Aim of the exercise => Reproduce only this stretch of the listing below: from the line with "2-комн квартира ул" through the line with "Afbeelding van Kyocera", exactly as written, with pictures excluded.

Exercise material =>
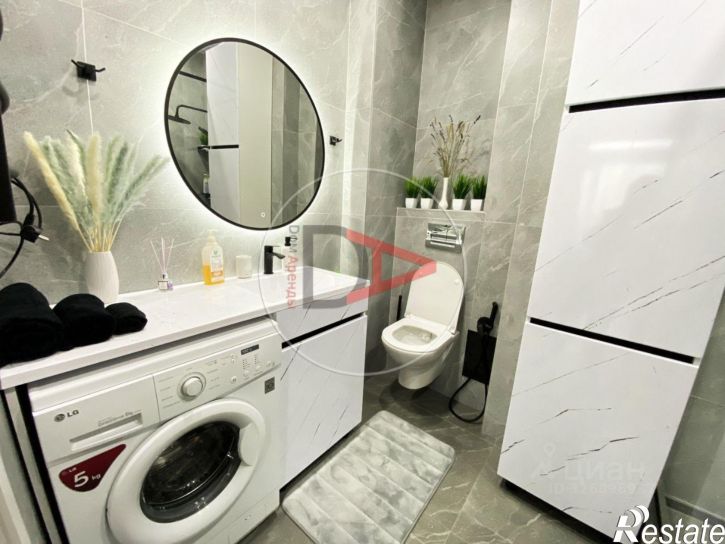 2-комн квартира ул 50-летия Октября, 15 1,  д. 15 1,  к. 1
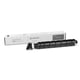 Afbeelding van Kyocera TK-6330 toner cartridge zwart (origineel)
--
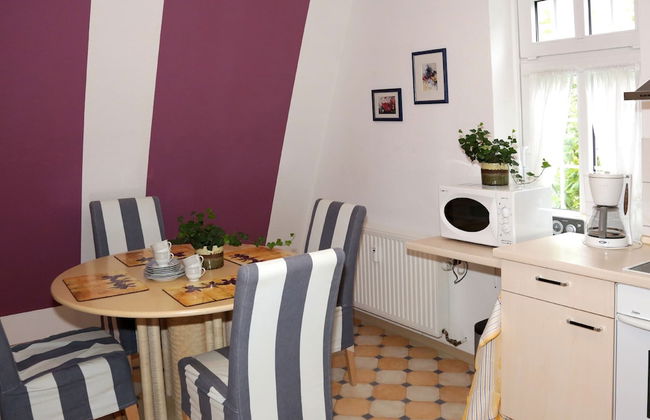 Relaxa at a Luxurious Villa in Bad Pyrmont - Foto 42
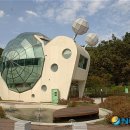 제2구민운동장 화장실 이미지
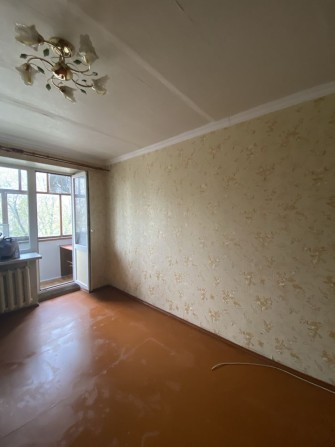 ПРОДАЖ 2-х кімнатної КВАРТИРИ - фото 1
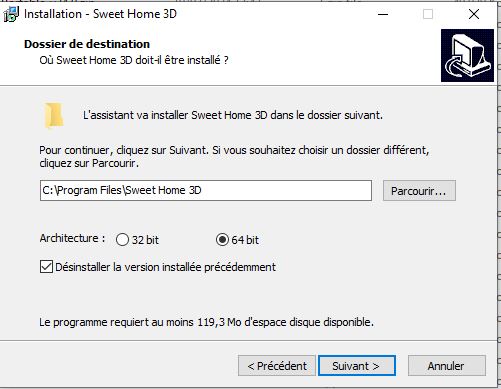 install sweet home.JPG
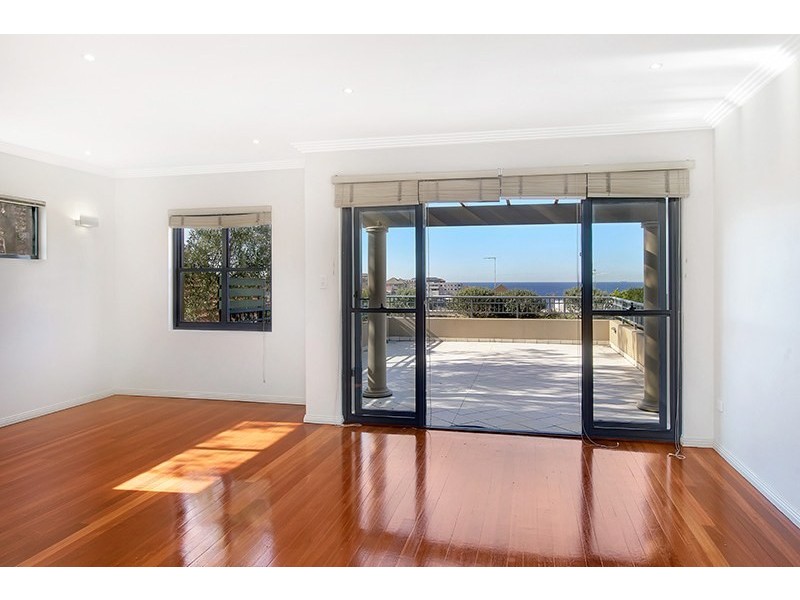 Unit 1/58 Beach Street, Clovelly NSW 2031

Answer section =>
 2-комн квартира ул 50-летия Октября, 15 1,  д. 15 1,  к. 1
 Afbeelding van Kyocera TK-6330 toner cartridge zwart (origineel)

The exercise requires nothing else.